Essas personagens são também meu ponto de vista, reflexos de minhas escolhas como atriz. Tento ser bastante criteriosa quanto a isso, e algumas vezes preciso recusar muita coisa que me parece em desacordo com o que quero comunicar como artista. Vejo as escolhas do ator como a criação de um repertório de imagens que contribui com o imaginário coletivo do nosso tempo, e também das gerações futuras. Sugerindo perguntas, provocando debates. O ator é um ser político, tenha ele consciência ou não. Então ao dar vida a essas subjetividades, busco atravessá-las por questões pertinentes ao que significa ser mulher hoje.

 

 

Então, como se dá a tua escolha de personagens? O que existe de Maeve em cada uma? 

Personagens são sempre convergências entre uma subjetividade fictícia atravessada pela minha própria experiência de estar viva. No caso do audiovisual, acho que filmes são testemunhos de um certo grau de descoberta acontecendo ali, diante da lente. Mas essas margens entre o que é meu e o que é do personagem são um mistério necessário. Não acho que devem ser iluminados publicamente, essa é a beleza desse ofício.

 

     

Também li em uma entrevista que interpretar a cantora de brega no cinema mudou um pouco o teu ponto de vista sobre a sensualidade e vaidade feminina...

Meus personagens me dão a chance de enxergar a vida sob sua perspectiva, e isso fatalmente me defronta com meus preconceitos. Essa personagem vive numa indústria baseada na exploração de sua sexualidade, o que a princípio me incomodou profundamente, sendo eu uma feminista. Acontece que essas mulheres também têm consciência dessa hipererotização que lhes é imposta, e aprendem a tirar proveito disso em benefício pr[oprio. Quando elas o fazem conscientes, ganham poder. É uma escolha, uma forma de sobrevivência. Tambem notei que minha formação burguesa colocava o intelecto como uma ferramenta superior ao erotismo, o que hoje discordo profundamente. Isso é preconceito de classe. Jaqueline Carvalho me ensinou a aceitar minha própria sensualidade sem julgamentos, sem que isso me reduza a nada. Podemos ser o que quisermos.

 

E como tu encaras as cenas de nudez?

Nenhum problema. Tudo que é da ordem do humano me parece fascinante representar. O que me incomoda é apenas quando percebo uma narrativa mais interessada no corpo do que na subjetividade do personagem. Se existe esse desequilíbrio, podemos acender o alerta. Por enquanto sabemos que a tendência do audiovisual é expor mais o corpo feminino em detrimento de nos escutar. Mas percebo cada vez mais (lentas) mudanças nesse sentido.

 

Dizem que as atrizes têm “prazo de validade” e que conforme vão ficando mais velhas, fica mais difícil arrumar papéis. Como tu te vês dentro desse contexto? Existe machismo no meio artístico?

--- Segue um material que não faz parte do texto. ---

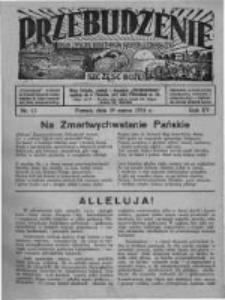 Przebudzenie: organ Związku Robotników Rolnych i Leśnych ZZP. 1934.03.29 R.16 Nr13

Prazo de validade quem tem é comida. Infelizmente a indústria de entretenimento é obcecada por juventude e corpos femininos objetificados. Inclusive a forma como idosos são retratados é algo que me incomoda muito. Em poucos anos seremos uma população com maioria de idosos, e aí? Vamos finalmente complexificar as narrativas desses sujeitos? Entender, pra ficar apenas em um exemplo, que idosos têm erotismo? A função do ator é estar vivo em cena, é representar a vida na sua integridade. De forma que um ator pode trabalhar enquanto estiver vivo.